The industry however has arrived at a consensus on the critical importance of new product development to help maintain the industry’s growth.

Pakistan is also an active member of the Islamic Financial Services Board, the Accounting and Auditing Organization for Islamic Financial Institutions and the International Islamic Financial Market, which is also likely to help in improving product mix and market practices.

Shariah compliance
Pakistan has an elaborate Shariah compliance mechanism — the central bank has its own Shariah board and all the Islamic banks and conventional banks with designated Islamic banking branches have their own Shariah advisors.

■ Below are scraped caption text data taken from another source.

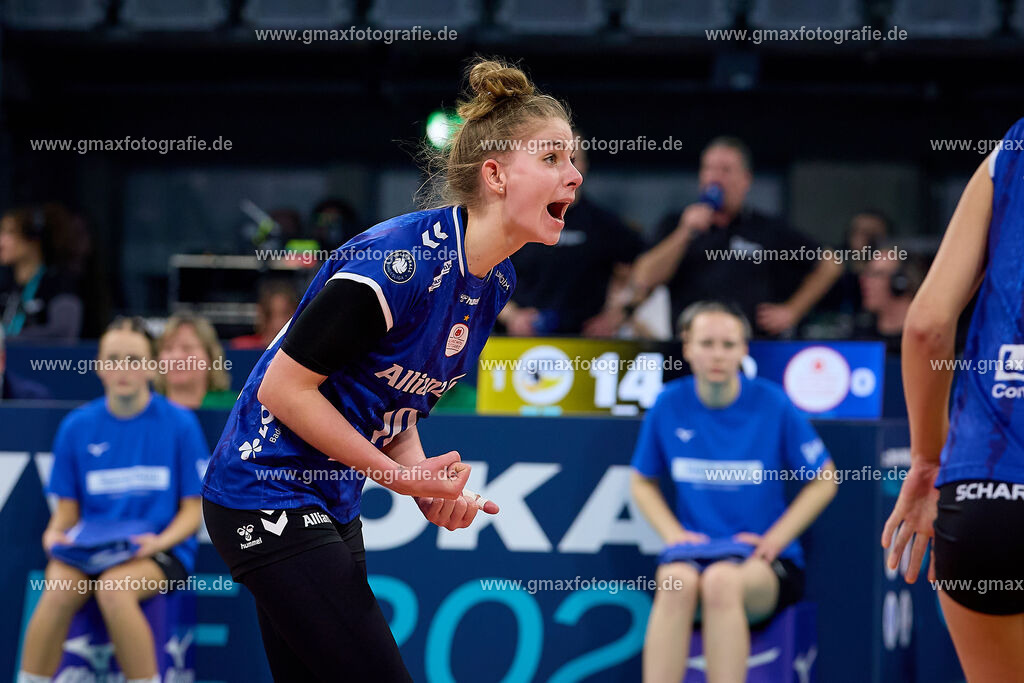 DVV-2026_516 | gmaxfotografie Oelze-de Stoppany Fotograf Schwäbisch Gmünd Stuttgart Frankfurt Gerald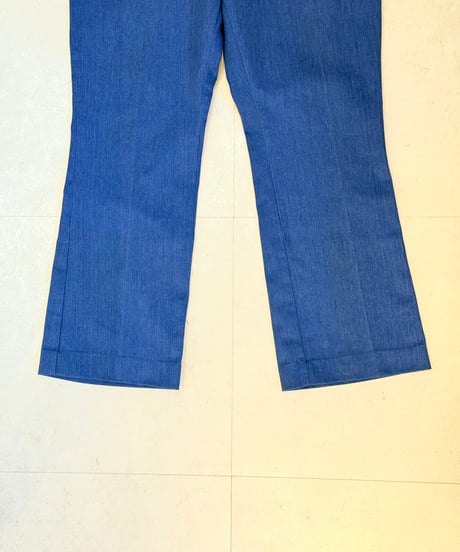 Dikies pants Blue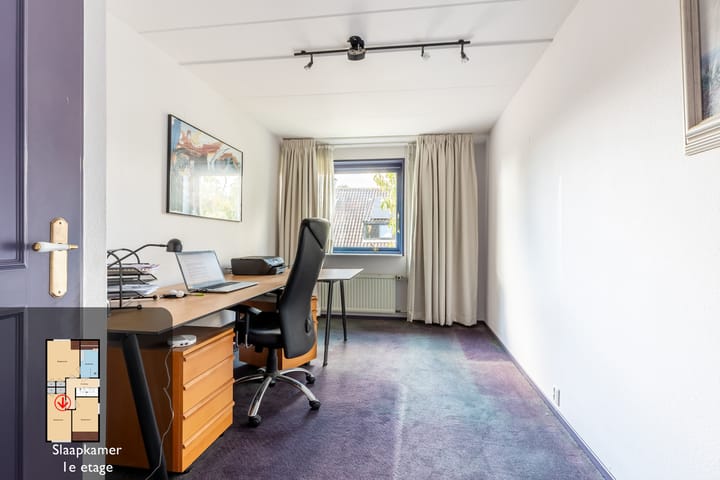 Foto 26 van Schepen 81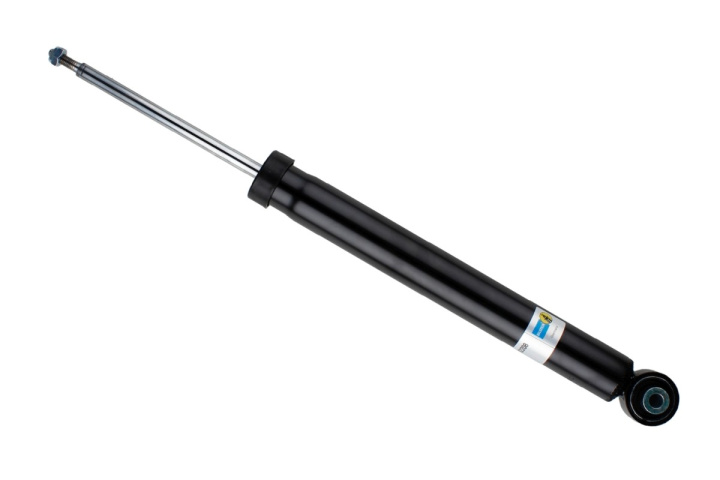 BILSTEIN B4 OE stötdämpare Audi A3 8V 2012- Bakre i gruppen Välj bilmodell hos DDESIGN Scandinavia AB (BIL-19-262208)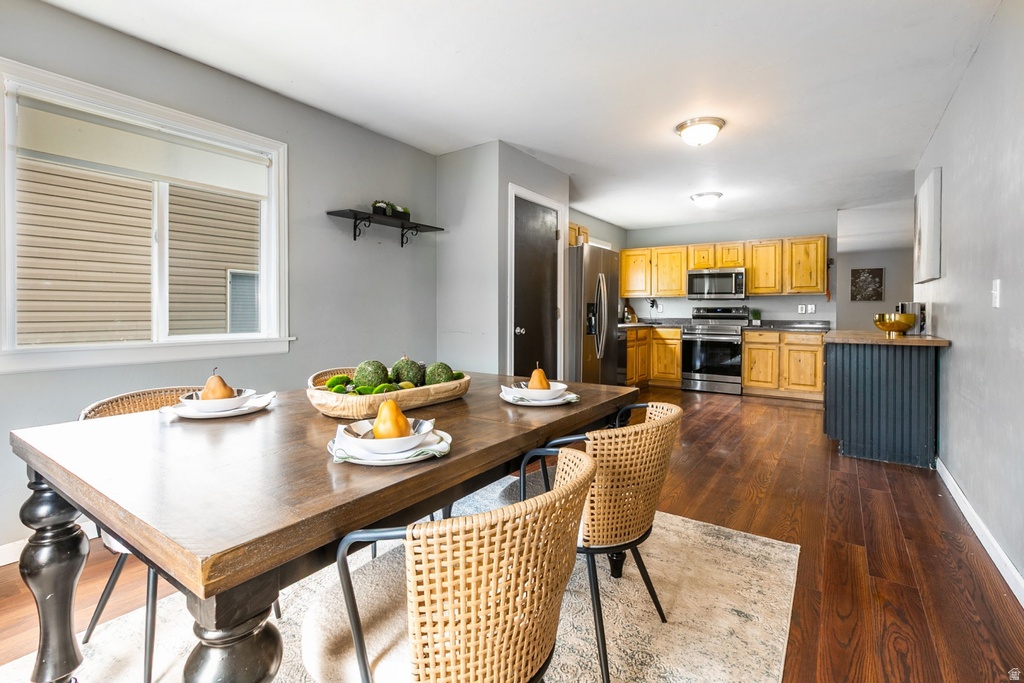 8349 S SAWTOOTH OAK DR West Jordan, UT 84081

All the products and services offered by Islamic banking institutions are required to be approved by their Shariah advisors; in case of difference of opinion between the Shariah advisors and the banks’ management, the issue is referred to SBP’s Shariah board whose decision/opinion is final and binding on the Islamic banking institutions.The SBP Shariah board also reviews the broad Shariah issues of the industry and delivers its opinions to promote standardization in the industry. Further, we have a mechanism for Shariah inspections/audits along with the financial audit to assess Shariah compliance levels in the industry; Pakistan is probably the only country having this mechanism, which increases consumer confidence in the Shariah permissibility of Islamic banking products.

Key issues
Despite impressive growth during over the past five to six years, the industry is still facing a number of challenges, which we will have to tackle effectively in order to maintain the growth momentum. These include:

  • Extremely low literacy (understanding) on Islamic banking.
  • Limited capacity of Islamic bankers.
  • Lack of liquidity management instruments.
  • Low pace of product innovation.
  • Over-conservatism of Islamic banking institutions in tapping new avenues and developing participatory financing models/products.
  • Blurring the distinction between Islamic and conventional banking.

Sector outlook
The growing confidence of the public in Islamic banking has encouraged other players to introduce Islamic financial products. A number of Islamic mutual funds are already operating in the country and with about half a dozen Takaful operators in the pipeline, this will help drive the momentum in the use of the Islamic concept of risk sharing.

The flotation of Sukuk by entities like Pakistan International Airlines, Water and Power Development Authority and many other corporate entities has also opened access to Shariah compliant project financing.

Having said this, there is no room for complacency — Islamic banking institutions in Pakistan will have to come up with better and more efficient solutions to meet the financing needs of the business community, and the central bank will have to make its policy and regulatory framework more responsive to the industry dynamics.